Bears' Last Stand for Elliott Wave Impulse Pattern Down
In the context of a larger corrective pattern, I have anticipated and tracked the move down from 05/02/2011 as an Elliott wave impulse pattern (5 waves). There have been a few options available for wave 4 (and 5) under this context until recently, but now I believe that only one option remains. A failure of this remaining pattern, which will occur if price rises above the wave 4 rule based limit, will result in the negation of an impulse wave down hypothesis.

Where other options, which are now negated, suggested that wave 5 down already started, this final option implies that wave 5 has not started yet. The 4th wave pattern remaining is a complex Flat pattern, and I propose it is Running Flat or an Expanded Flat.

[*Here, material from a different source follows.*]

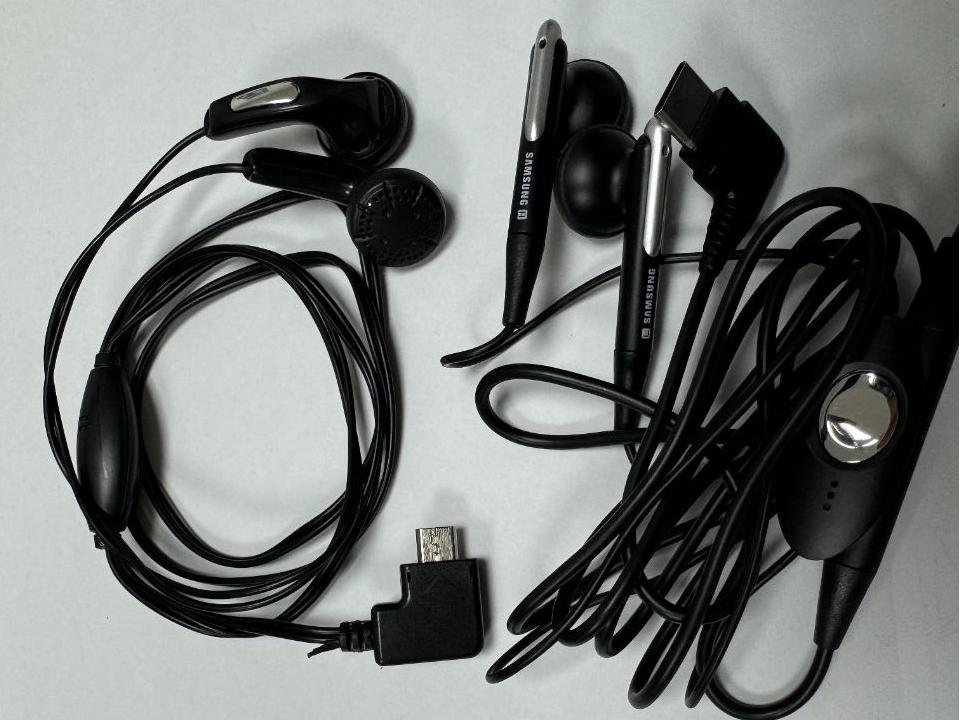 پک دو عددی هندزفری سامسونگ / اصلی- نو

A Running Flat, although uncommon, would fit nicely into the context of the larger trend down and negative forces at work. It simply means that forces are skewing price down and wave c will not match or exceed the level of wave a. Notice that price is currently stalled at the intersection of the lower deviation of the regression trend channel measured from wave 1 to wave 3, and the upper deviation of the regression trend channel measured from wave a to b. This is also the .382 Fibonacci retrace level. It is my opinion that this is a good area for a Running Flat wave c reversal.
Since wave b extended lower than wave a, the second option is an Expanded Flat. An Expanded Flat could take price close to the .618 retrace level which happens to roughly coincide with the wave 4 rule break level (wave 4 should not enter price territory of wave 1).
If price moves solidly into wave 1 territory then this hypothesis is invalid. If this hypothesis is correct, then price will reverse between here and 1260 and move lower than the 10/04/2011 low. A Fibonacci measured target would be the low 1000s.